Always remember that just because someone is being featured or interviewed by top media, does not mean they know what they are talking about. And indeed, even if they do have a stellar grasp of their topic, that still does not mean they will be right.

Thus, your job as an investor is to assess which sources of information should be trusted and have demonstrated a reliable and ongoing trend of wisdom. Once you have identified those individuals or service, which may lead to profits, you should still only partially rely on their thoughts — combine those with your own due diligence and opinions to construct your trading decisions.

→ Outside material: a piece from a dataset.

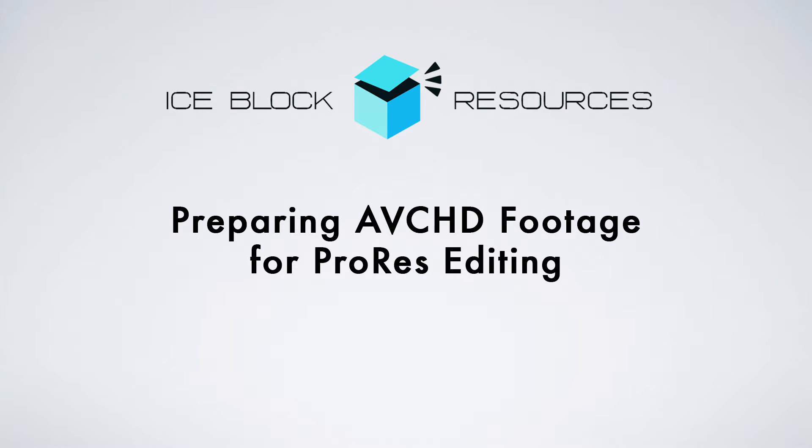Hello, my name is JJ, Head of Production over at IceBlock, and today we are looking at how to import AVCHD footage into Premiere, and then we're going to convert it into ProRes for easier editing.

If you hear about a stock for free, especially a penny stock, it is almost certainly being driven by players with significant hidden motivations. This may not be true if you hear about a professional's opinion on something such as CNBC. Still, it is absolutely and un-categorically true when you hear about the latest "hot penny stock" that is going to go through the roof (according to greedy promoters).

There is an endless line of dishonest stock promoters out there. Their obsession is to find ways to profit from your actions you lose so that they can gain.

The bad side is that for them to profit, you will probably need to lose. Investing in speculative shares is mainly a zero-sum game, meaning for someone to make a dollar; someone else has to lose a dollar.

This is why scam artists and promoters take such efforts to drive up worthless shares. The more money they get to push the stock prices higher, the greater the profit they'll make when they walk away and leave everyone else in the dust and broke.

Following the Crowd

In many cases, the majority of people only hear about an investment when it has already performed well. If certain types of stocks double or triple in price, the mainstream media tends to cover that move and tell everyone about how hot the shares have been.

Unfortunately, by the time that the media tends to get involved with a story about shares rising, it is usually after the stock has reached its peak. This point overvalues the investment, and the media coverage comes late to the game. Regardless, the television, newspaper, internet, and radio coverage push the stocks even higher into excessively overvalued territory.

We have seen this trend play out recently with the recreational marijuana stocks. Some of these tiny companies had only two or three employees, but that did not stop them from being valued at a corporate worth of about half of one billion dollars!

In other instances, an old nearly defunct gold mine would add 'cannabis' or 'marijuana' to the name of their company, and the shares would instantly double or triple in price. At no point were investors looking into the company deep enough to realize all the problems; tens of millions of dollars in debt; no revenues; millions in ongoing losses each month.

In order to avoid making bad decisions, do the research necessary to find a fee-only advisor who will take the time to ask you the important questions about your life, your goals, your concerns and your financial resources and construct an appropriate financial roadmap to achieve rational goals.

Don't rely on online media, brokers who wish to sell you something, or your own unrealistic optimism for success-it takes time, discipline and steadfast conviction to avoid the many pitfalls and achieve desired outcomes.

Despite being all set to invest in the long term, most of us fail to manage our investment portfolios. A lot of us are short-term thinkers, which directly contradicts with our long term investment goals. Likewise, we fail to create a proper investing strategy, leading to our psychological mistakes.